The King of Kong returns! Who said the gaming world is not without any King Kong sized drama? Billy Mitchell, from “King of Kong: Fistful of Quarters” infamy, saw his high scores on Pac-Man and Donkey Kong arcade games stripped by Twin Galaxies and subsequently from the Guinness Book of Records. Mitchell won his appeal with Guinness, who announced they were reinstating the record’s originally achieved by Mitchell.

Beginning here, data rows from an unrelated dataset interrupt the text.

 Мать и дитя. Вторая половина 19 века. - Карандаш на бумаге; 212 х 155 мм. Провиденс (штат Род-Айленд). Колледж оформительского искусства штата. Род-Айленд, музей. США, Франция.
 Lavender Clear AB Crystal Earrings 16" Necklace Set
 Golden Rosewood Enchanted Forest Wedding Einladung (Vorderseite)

Mitchell is most famous for his involvement in the 2007 documentary film, “King of Kong”, directed by Seth Gordon. The film follows one man’s quest, Steve Wiebe, to break Mitchell’s Donkey Kong record, which had originally been set in 1981. “King of Kong” viewers were gifted with a glimpse into the peculiar subculture that’s inhabited by avid video game enthusiasts and obsessed record chasers.

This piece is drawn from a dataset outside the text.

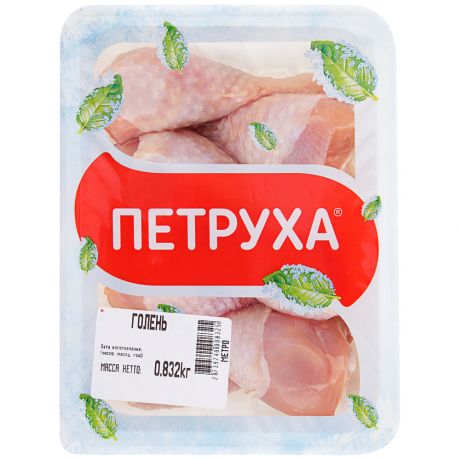 Голень цыпленка-бройлера Петруха замороженная в лотке 0.6-1 кг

Old-school arcade gamers were familiar with Mitchell and his exploits dating back to the early 1980s. Mitchell became the first player to achieve a perfect score on Pac-Man and reach 1,000,000 points on Donkey Kong. When gamers reached a pinnacle point in the earliest games (e.g. Pac-Man and Donkey Kong), a kill screen appeared, because developers never bothered to create higher levels. They never anticipated anyone would reach that high. Of course, that was during a time when they thought arcade games were for entertainment purposes solely and underestimated the will and determination of record chasers.
Mitchell and his arcade-loving peers were the first wave of eSports and gaming enthusiasts. Of course, no one called them “eSports pros” at the time because other 1980s pop-culture pejoratives were used (nerds, geeks, dorks) to define serious video game players.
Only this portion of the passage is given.